それほど待たずにプレイできるようになると言うことなので、楽しみにお待ちいただきたい。
自分が動いているときだけ時間が進む「SUPERHOT」
近未来風の世界観の中で展開される銃撃戦を描いた「SUPERHOT」。真っ白なステージのあちこちにいる真っ赤な敵。ただ、プレーヤー側が動かなければ時間は進まないため危険は無い。ところが、こちらの銃弾は遠いと当たらない。このためどうしても動いて近づくなど時間の進めなければならない。こういった風に、時間が進まないという利点をあえて崩すことでゲーム的な駆け引きを生み出すシステムが、非常に面白い体験を生み出していた。
独特の世界観を持つ「夜の採掘鉱(仮)」など
zato氏のブースで出展されているのが「夜の採掘鉱(仮)」というアドベンチャーゲーム。女の子をキャラクターを操作して独特の世界観で描かれたステージを探索していく。

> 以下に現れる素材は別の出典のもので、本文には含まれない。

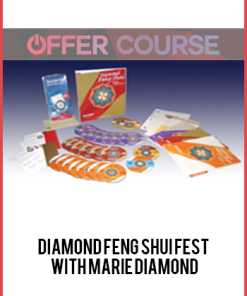 Diamond Feng Shui Fest with Marie Diamond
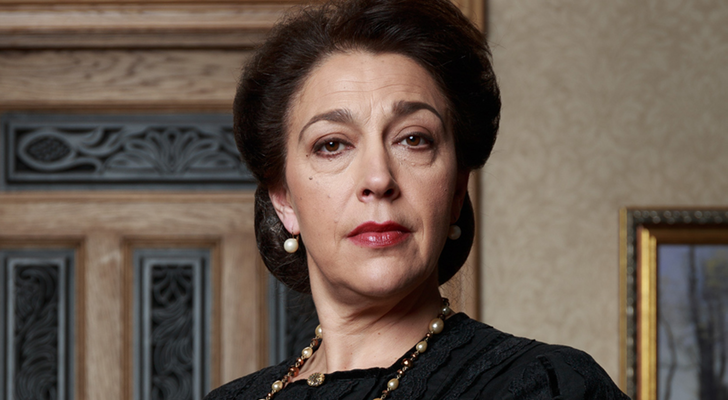 Resultado de imagen de Maria Bouzas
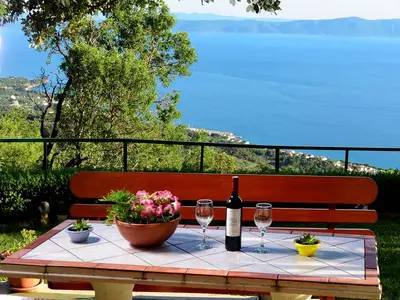 Ferienhaus für 7 Personen (110 m²) in Gornji Tučepi - Tomaši 2/10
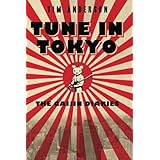 tune in tokyo the gaijin diaries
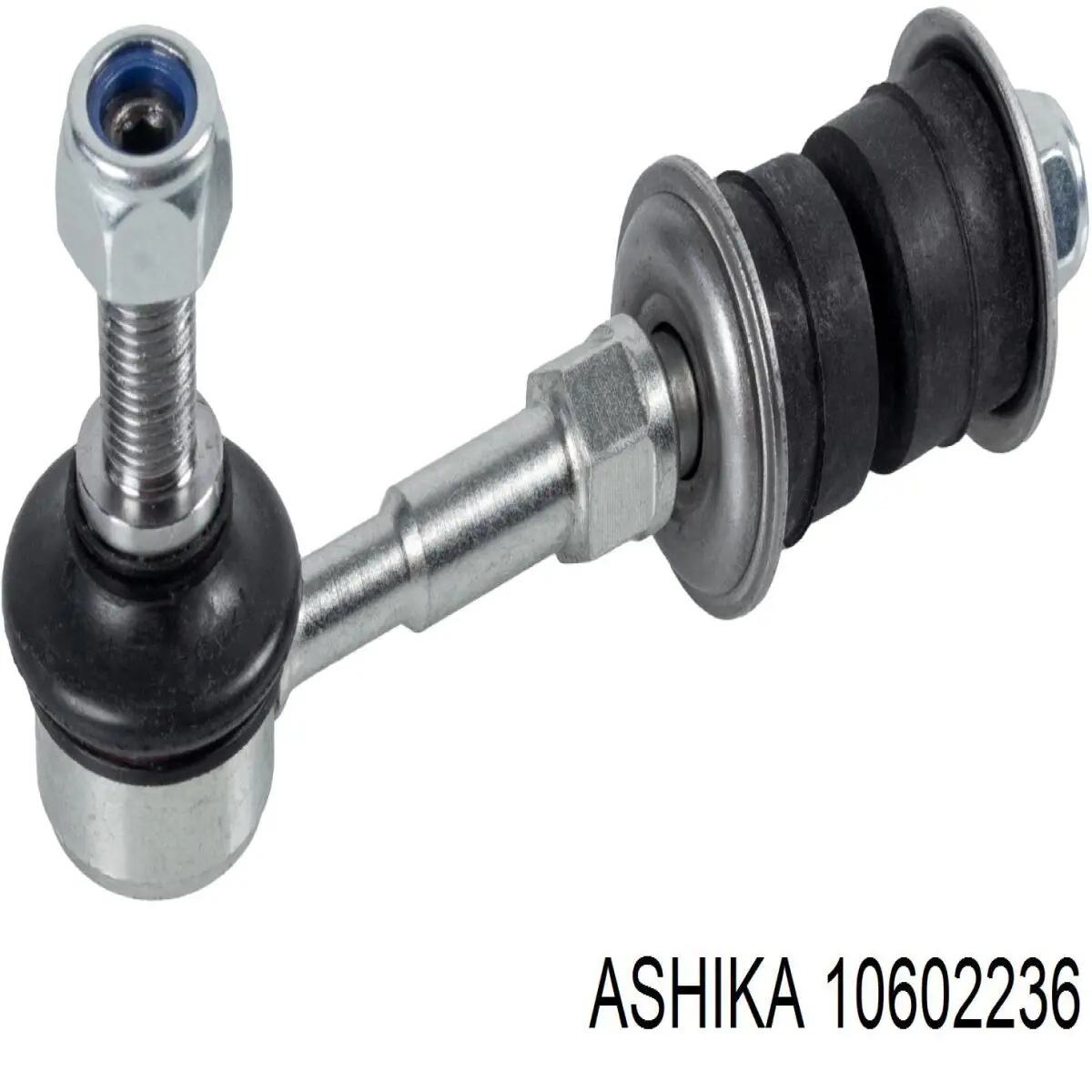 106-02-236 Ashika soporte de barra estabilizadora trasera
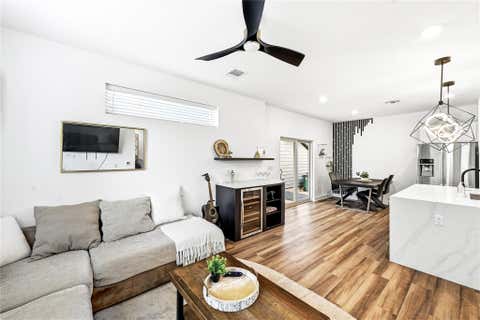 Tiny photo for 8009 Mellencamp DR #212, Austin, TX 78744 (MLS # 7316072)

こういったタイプのゲームはどれだけステージ内を描いていけるかにかかっているが、zato氏が「どれだけ世界観を作り込めるかに振り切ったゲーム」というだけあって、モノクロの輪郭とあちこちに取り入れられた極彩色の背景は非常に印象深い者に仕上がっていた。
ただ、様々な悩みがあるようで、「プレーヤーの導線作りが難しい。(たとえば)5メートル進めばアトラクションが発生するのに、3メートル行ってなにも起こらないともうその先には進まない」とかたり、プレーヤーに見せたい物を見せるためにどうやって演出していくかの悩みがあるという。
そういった意味では、今回のイベントで不特定多数の来場者にプレイしてもらうことは非常に良い経験になったようで、ゲームの完成に向けて1つ階段を上れたのではないだろうか。完成まではまだまだ1年以上かかると言うことだが、その完成を楽しみにしたいところだ。
BishopGamesStudioのブースに出展されていたのが「LIGHT FALL」。モノトーンに近いグラフィックスで影絵のようなキャラクターを操作して進めていく。「LIMBO」などに代表されるこういったゲームもかなりあるが、その多くはゆったりとした展開が特徴的だ。これはパズルを主体とするアクションであることから、そのゲームのテンポが決まっているが、「LIGHT FALL」はかなりスピーディにスクロールしていく展開で、少し違った印象を受けた。
予定では11月にSTEAMでリリースされ、2018年春にPS4、Xbox Oneでリリースされる予定となっている。